Des groupes mixtes d’une douzaine de personnes issues du management et de la fonction RH échangent avec des coachs certifiés lors de deux modules de deux jours. Au menu, des mises en situation et des jeux de rôle, par exemple sur le thème : oser le feedback (précautions oratoires, l’inscrire dans une atmosphère positive). « Ce programme a vocation à devenir pérenne, précise Stéphane Saba, dans la mesure où nous accueillons régulièrement de nouveaux managers. »

Outre les sessions de formation, la sensibilisation à l’aspect émotionnel du leadership peut prendre la forme d’atelier de codéveloppement, comme dans le groupe Covea, dont la filiale MMA a initié dès 2008 des rencontres de cadres en petits groupes accompagnés par un coach pendant neuf mois à un an. Six cents d’entre eux ont d’ores et déjà suivi ce programme (lire p.25). Cisco France déploie de son côté un programme encore plus personnalisé de co-coaching, accompagné par l’Institut français d’action contre le stress (Ifas) (lire p. 27).

Difficile évaluation

L’évaluation de l’efficacité de ce type de formation pour une organisation reste malaisée. S’il est complexe de mesurer la “compétence émotionnelle” d’un manager, les outils d’évaluation de la qualité du leadership peuvent fournir des indicateurs intermédiaires : 360° feed-back à Pepsico, complété par une enquête annuelle de qualité du management, anonyme et au niveau de chaque équipe, suscitant de nombreux verbatim. « Elle est réalisée dans une perspective de pédagogie et elle permet d’orienter vers des formations », précise Stéphane Saba. Et dans la mesure de la performance des cadres en matière de développement humain figure un indicateur sur la reconnaissance et sur la considération portée aux collaborateurs.

Quelques autres entreprises ont introduit des indicateurs liés aux soft skills ou aux “compétences people” dans leur évaluation des managers. Et beaucoup scrutent désormais les résultats de leur enquête de climat social, ce à quoi le mouvement de la QVT, ou qualité de vie au travail, les incite.
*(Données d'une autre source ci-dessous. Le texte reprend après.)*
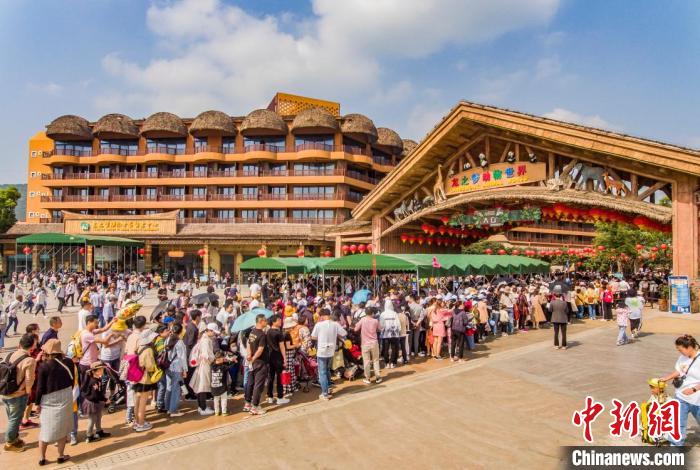 太湖龍之夢(mèng)樂園門口排起長(zhǎng)隊(duì) 周蘇森 攝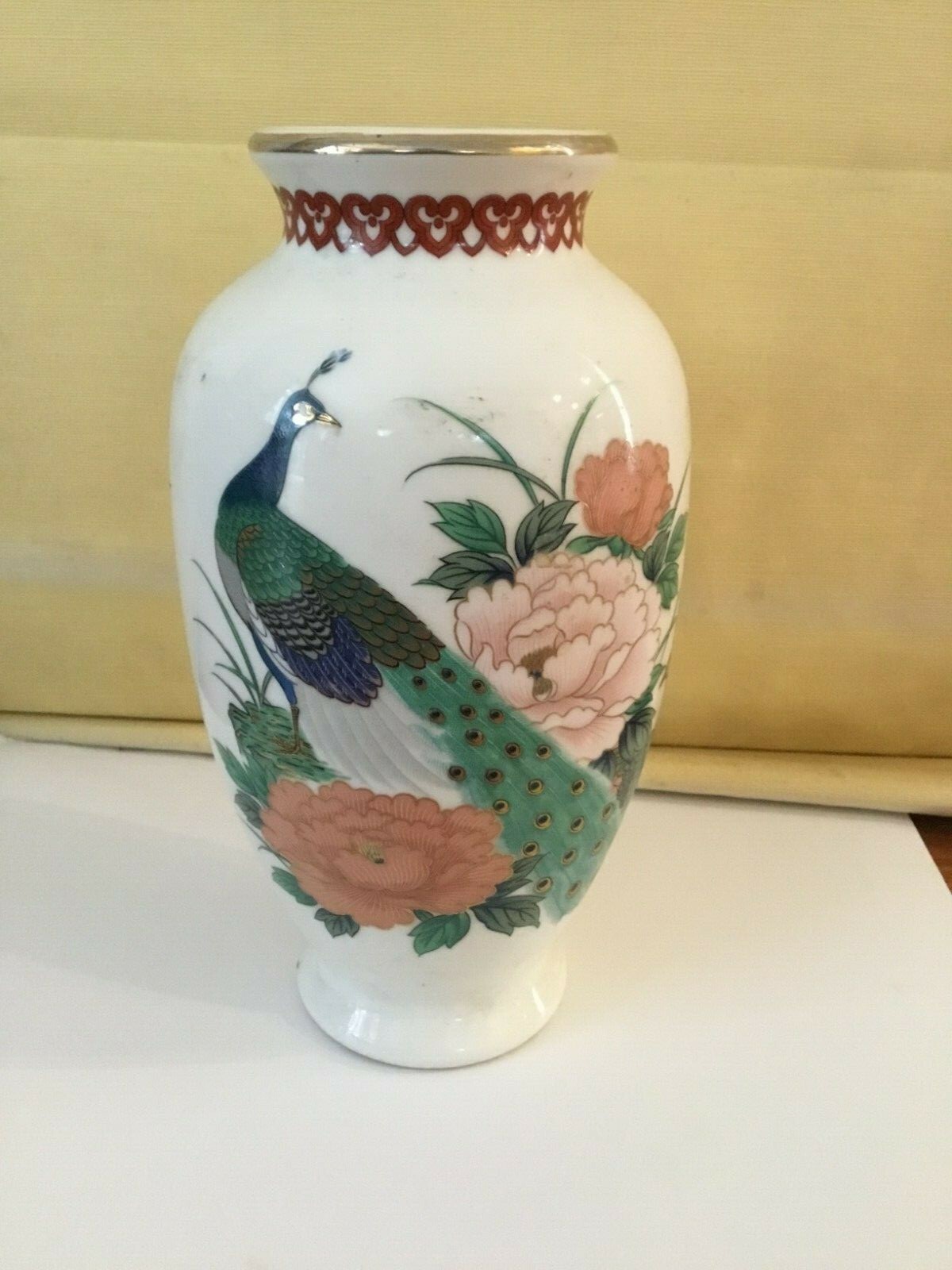Beautiful decorative Japanese vase for sale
Des spécialistes de la prévention du stress observent eux-mêmes avec intérêt cette montée de l’intelligence des émotions. « Les entreprises édictent aujourd’hui des codes comportementaux pour s’assurer que la ligne hiérarchique travaille de façon efficace mais aussi respectueuse vis-à-vis des collaborateurs, explique Éric Albert, directeur de l’Ifas. Or on ne peut pas aborder les comportements sans parler des émotions. Cette approche ne fragilise pas, elle aide à se poser les bonnes questions, à comprendre les mécanismes émotionnels à l’œuvre et à apaiser les relations. »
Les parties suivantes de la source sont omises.